Here we address the critiques offered by Hasan and Pedraza to our recently published manuscript comparing the performance of two automated segmentation programs, FSL/FIRST and FreeSurfer (Morey, et al. 2009
). An assessment of the specific critiques and discussion follows:
Lack of age and other demographic information
We agree that a clear description of sample characteristics is essential in any scientific report and is an important omission from our original report. Key demographic attributes of our sample of 20 participants are described in . While we do not believe the particular group of subjects we selected have biased our results, it is possible one technique may be poorer at segmenting a specific demographic subgroup (e.g. aged) than another owing to the range of subjects who contributed to the atlas. While we agree that basic demographic information of the group is important and may affect absolute volume measures, we did not predict that the expert human expert rater to be tracing the structures differentially with respect to age or other demographic attributes and therefore did not expect them to influence the comparison of methods. We acknowledge the age related changes in volume for certain structures cited by Hasan and Pedraza, however investigation of age related effects would be difficult to assess in the age demographic represented in our sample. This would be an interesting area of further research.
Demographic attributes of sample
Lack of tabulation of individual volumes from manual tracing
It is unclear how tabulating volumes of individual participants’ volumes would help the interpretation of the results. We are comparing the outcome of two algorithms and therefore the relative differences between methods are much more important than the absolute volumes for individual subjects. Individual volume measures might be useful if a publicly available dataset was used, however this was not the case. Furthermore, manual hippocampal and amygdala segmentations depend on the segmentation protocol and thus it can be misleading to directly compare absolute volumetric measurements.
Introduction of a correlation by not considering left and right structures which ought to be tabulated separately
We agree that because the volumes of left and right structures are generally correlated, this may tend to inflate any correlation that includes left and right as independent measures. We checked the correlation of left and right hemispheres of the hippocampus and amygdala and indeed they are correlated for each of the three methods employed (see ). When left and right hemisphere correlations are assessed separately, the right hemisphere had generally higher correlations with manual tracing than the left hemisphere. The correlations obtained from using left and right hemisphere data as independent measures (as reported in Morey, et al. 2009
) led to values intermediate to the separately computed left and right correlations as seen in . Regarding our power estimates, treating the hemispheres as independent, given the left-right correlations, results in an underestimation of variability. This leads to overstated inferences (too lenient) and overestimates of power, although it does not change the relative position of the methods. Additional data on laterality is conveyed in the shape analyses presented in Figures 9 and 10 of the original paper (Morey, et al. 2009
). Therefore, in our estimation, this information does not lead to a significant revision of the main conclusions about either of the methods. More conclusive results are certain to be made available from future validation studies.
Left and right hemisphere correlations
Evidence of possible sources of difference related to the atlases used in FSL and FreeSurfer with a potentially missed opportunity for further analyses by Morey et al
Including this point would enhance the completeness of the Discussion section. Atlas differences are one possible source of diverging results between FSL and FreeSurfer. The suggestion for comparing systematic bias of manually delineated volumes to the atlas from FreeSurfer goes beyond the scope of our study as this could be a manuscript unto itself. Indeed, Hasan and Pedraza cite the work of Shattuck and colleagues (Shattuck, et al. 2008
) as a careful study of the influence of atlas selection.

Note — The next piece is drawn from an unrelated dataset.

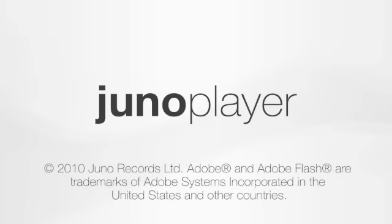We hope you found this tutorial useful and enjoy all the functionality of Juno's new player. If you need any further help, just click the Help button in the player or you can email feedback at Juno.co.uk to ask any specific questions. Thanks for watching.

In summary, Hasan and Pedraza bring up some important points concerning our reporting of methods and results. While their commentary aids the reader in more critically assessing our study, it falls short of substantiating that our omissions and methodological shortcomings ought to lead any reader to significantly revise their interpretations. Further research is certain to help disentangle the advantages and limitations of the various freely-available automated segmentation software packages.